Cala sztuka to taka zeby nie pracowac ciezko a cos tam zarobic - bo za ciezka prace to dostaniesz firmowa czapke z daszkiem po 30 latach praca (a jak firma w miare dobra to tez koszulke polo). Ciezka praca zdecydowanie nie poplaca, szczegolnie w tym kraju.

Napisano

@kzielu no widzisz, wszyscy tak mowią do okoła w PL też, a mi chęci i ciężka praca(nie fizyczna) popłaciła, dlatego pytam

wiadomo, żeby zarobić a się nienarobić ale mam na myśli prace ktora sie lubi a nie nienawidzi

Napisano (edytowane)
28 minutes ago, ronni37 said:

@kzielu no widzisz, wszyscy tak mowią do okoła w PL też, a mi chęci i ciężka praca(nie fizyczna) popłaciła, dlatego pytam

wiadomo, żeby zarobić a się nienarobić ale mam na myśli prace ktora sie lubi a nie nienawidzi

Ja oczywiscie - jak czesto - troche przesadzam, troche jestem sarkastyczny. Tutaj istnieje kultura wysylania 14-latkow do pracy to "learn value of hard work".  Ten hard work w przeszlosci w rzeczywistosci sie oplacal - w sensie ciezko pracujac w dowolnym zasadzie mozna bylo w miare komfortowo zyc. W obecnych czasach to jest absolutnie niemozliwe a ta retoryka to pranie mozgow zeby nie zabraklo taniej sily roboczej.

Ja swoja prace lubie, zyje w miare komfortowo ale moim zdaniem kazdy musi zachowac zdrowy balans i zdawac sobie sprawe ze prawie w kazdej wiekszej firmie nawet najbardziej doswiadczeni pracownicy ktore w slabszych czasach beda numerkami na liscie na ktorej ktos postawi kreske od ktorego miejsca zaczynaja sie zwolnienia.

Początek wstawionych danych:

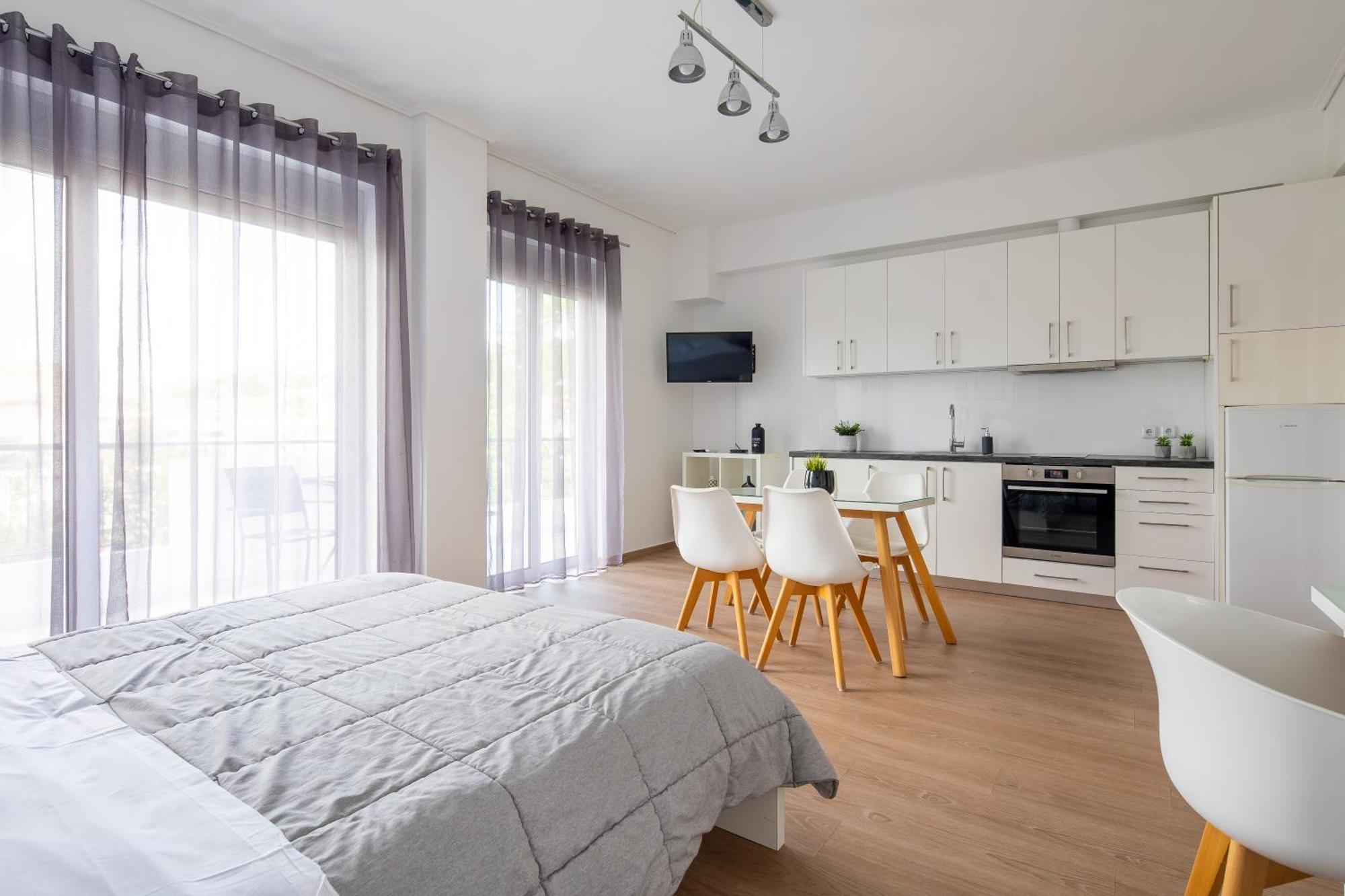 Boutique Studios Near Airport 帕利尼 外观 照片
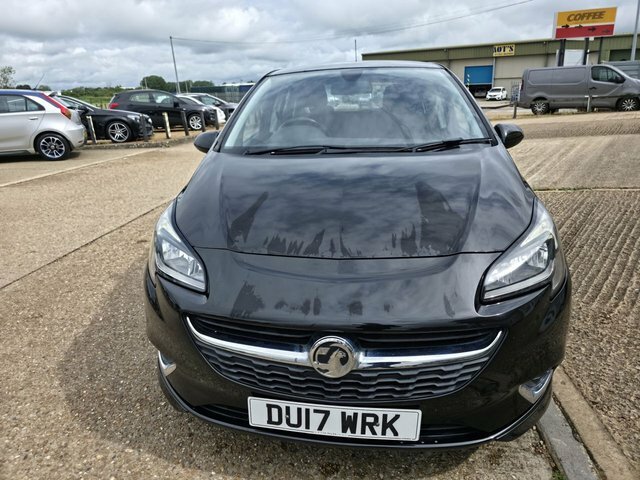 Vauxhall Corsa Ecoflex Sri VX Line DU17WRK Black #3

Jeszcze dla jasnosci dodam ze bylem w uprzywilejowanej sytuacji posiadania dobrego wyksztalcenia zdobytego w PL - bez zadnych student loans (wiele osob zapozycza sie na zdobycie wyksztalcenia nie majac wiekszej szansy splacenia tego dlugu w sensownej czasie) i od pierwszego dnia permanentnego pobytu w US mialem prace z sensowna pensja. Wiekszosc imigrantow takiej sytuacji nie ma.

Edytowane przez kzielu
Napisano

@kzielu no nie ukrywam, że po Twoich postach często optymizm opada :D natomiast to dobrze można być gotowym na te surowe realia

a tak przy okazji, w takich sytuacjach się traci prace z dnia na dzien czy są jakieś dluzsze okresy "wypowiedzenia przez pracodawce" ? czy dopracowuje się do końca danego miesiąca np. ? 

no tu Ci pozazdrościć, dużo stresu mniej na pewno

Napisano
24 minutes ago, ronni37 said:

a tak przy okazji, w takich sytuacjach się traci prace z dnia na dzien czy są jakieś dluzsze okresy "wypowiedzenia przez pracodawce" ? czy dopracowuje się do końca danego miesiąca np. ?

Jak usłyszysz  "you are fired" to nie pracujesz natychmiast od tej chwili.

W dużych korpo są różne praktyki  - do końca miesiąca to chyba nie - ale u mnie jest, że jak są masowe zwolnienia to "dopracowujesz" do końca tygodnia albo do końca następnego tygodnia - jak zwalniamy "dyscyplinarnie" to pracownik odchodzi "natychmiast". Przy masowych zwolnieniach moje korpo płaci "severance package" ale nie są one powalające i są ograniczone od góry i jakoś wysoko opodatkowane (tego akurat nie rozumiem). Co więcej jeśli zatrudnimy w przeciągu roku z powrotem tego samego pracownika to nakazujemy zwrot "severance package". Od benefitów odcinamy z dniem odejścia (ubezpieczenie medyczne).

 

  • Upvote 1
Napisano

To ja jeszcze do tego co napisal mcpear (co jest generalnie standardem wszedzie) dodam ze prawo pracy w porownaniu do tego w Polsce to nie istnieje - nie ma gwarantowanego urlopu, gwarantowany macierzynski (FMLA) to tylko bezplatny (pracodawcy oczywiscie daja platny ale to ich dobra wola/benefits package).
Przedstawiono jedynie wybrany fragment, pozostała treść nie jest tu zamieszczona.